Diğer yandan, Vakıflar Kanunu'na ilişkin düzenlemeler yerel yönetimlerin mülkiyet haklarını zedeleyen hükümlerle doludur. Belediyelere ait taşınmazların vakıf kaynaklı olduğu iddiasıyla merkezi idareye devri yerinden yönetim ilkesine ve Anayasa’nın 127'nci maddesinde güvence altına alınan mali özerklik ilkesine açıkça aykırıdır. Kültürel mirasın korunması elbette önemlidir ancak bunun yolu yerel iradeyi yok saymak değil, yerel yönetimlerle iş birliğini güçlendirmektir.
Teklifin 11'inci maddesiyle bir cümleyle belediyelerin, il özel idarelerinin, hatta kamu şirketlerinin elindeki tarihî yapılar "Vaktiyle vakıf kaynağından bir çivi çakılmış olabilir." denilerek bedelsiz biçimde mazbut vakfa devredilebilmektedir. Üstelik "Vakıf kaynaklarından inşa edilmiş, onarılmış veya ilaveler yapılmak suretiyle katkı sağlanmış." denilerek varsayım cümlesiyle devir işlemi yapılabilmekte, böylece hukuk alaşağı edilmektedir. Somut eser aramıyor, delil istememekte, idareye istediğini vakıf, saray bedelsiz devral yetkisi vermemektedir. Bu mülkiyet hakkını ölçüsüzce zedeleyen yerel yönetimlerin tasarrufunu merkeze devreden bir keyfîlik kapısıdır. Zaman sınırı yok, kapsam sınırsızdır. Yarın bir belediye binasının "Geçmişte bir çivisi vakıf yardımıyla çakılmış." denilerek devrine bu yasa maddesine dayanarak kim "hayır" diyebilecektir? Belirlilik ve hukuk devleti ilkesi nerededir? "Kültürel mirası koruyacağız." derken yerel idareyi ve mülkiyet güvenliğini ortadan kaldıramazsınız. İtirazımız eserin kıymetine değil, keyfî el koymayı meşrulaştıran bu sayılır hukukunadır. Üstelik katkı sağlandığı ölçütü pamuk ipliği gibidir. Kimin kayıtlarıyla, hangi projeyle, kim doğrulayacaktır? Yarın "Belediye restore etti, vakıf da boya verdi." diye bir kurumun emeği bir kalem darbesiyle başkasına mı yazılacaktır? Peki, belediyelerin kaynak harcayarak yenilediği, hayata kazandırdığı bu yerleri bu kanun maddesine dayanarak almaya çalışmanız ne kadar hakkaniyetlidir? Belli ki maksat sandıkta kaybettiğiniz belediyelerin mallarını kanun kılıfıyla geri almaktır. Biz buna kültürel mirası koruma değil "yerel iradeye el koyma" deriz. Kültürel mirası korumak, yereli baypas etmek, mülkiyeti merkeze taşımak demek değildir.

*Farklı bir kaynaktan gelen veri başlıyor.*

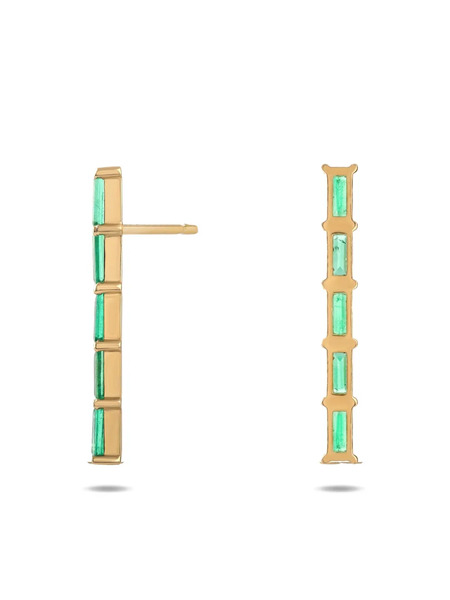  Rosekey 18k Yellow Gold Emerald Baguette Earrings 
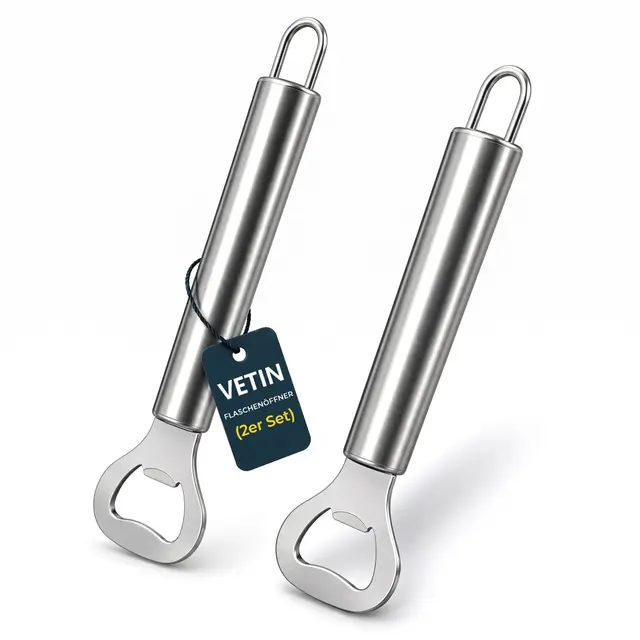 vetin flaschenöffner set 2er edelstahl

Yine, Çanakkale Savaşları Gelibolu Tarihi Alanı'na ilişkin maddelerde Cumhurbaşkanına alan sınırlarını değiştirme yetkisi verilmesi Meclisin yasama iradesinin devri anlamına gelmektedir. Biz, alan başkanlıklarının bu tür tarihî ve turistik bölgeler için önemine inanıyoruz. Fakat bir AK PARTİ klasiğiyle iyinin içine kötüyü karıştırarak faydalı bir düzenlemeyi bile keyfî yetkiyle gölgelemektesiniz. Böyle bir yasama pratiğiyle ne tarihi koruyabilirsiniz ne de devlet ciddiyetini koruyabilirsiniz. AK PARTİ'nin bu alışkanlığı artık devlet geleneğini değil, devlet ciddiyetini aşındırmaktadır.

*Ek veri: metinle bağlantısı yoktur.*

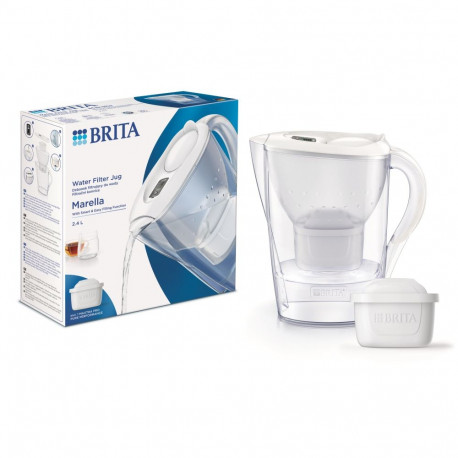FILTERING JUG BRITA MARELA 2.4L WHIT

Cumhurbaşkanlığı hükûmet sistemi bugün artık bir yönetim modeli değil tek merkezli bir karar mekanizması hâline gelmiştir. Her kararın bir kişi tarafından verilmesini normalleştiren bu yapı, devletin hafızasını, ortak aklı ve istişare geleneğini tasfiye etmiştir. Meclisi etkisizleştiren, yargıyı baskılayan, yürütmeyi sınırsızlaştıran bu sistem, artık demokrasinin değil keyfîliğin kurumsallaşmış hâlidir. Devlet geleneğini hiçe sayan, Anayasa'yı esnetmeyi alışkanlık hâline getiren bu yaklaşım, milletin egemenliğini temsil eden Gazi Meclisi gölgelemektedir, Türkiye Cumhuriyeti'nin hukuk düzenini adım adım aşındırmaktadır. Bu yüzden, her torba kanun, her yetki devri, her komisyon baypası aslında birer küçük anayasal deformasyon olarak tarihe geçmektedir. Biz İYİ Parti olarak bu şahsileşmiş yönetim anlayışının karşısında güçlü yasama, bağımsız yargı ve sorumlu yürütme ilkesini savunmaya devam edeceğiz.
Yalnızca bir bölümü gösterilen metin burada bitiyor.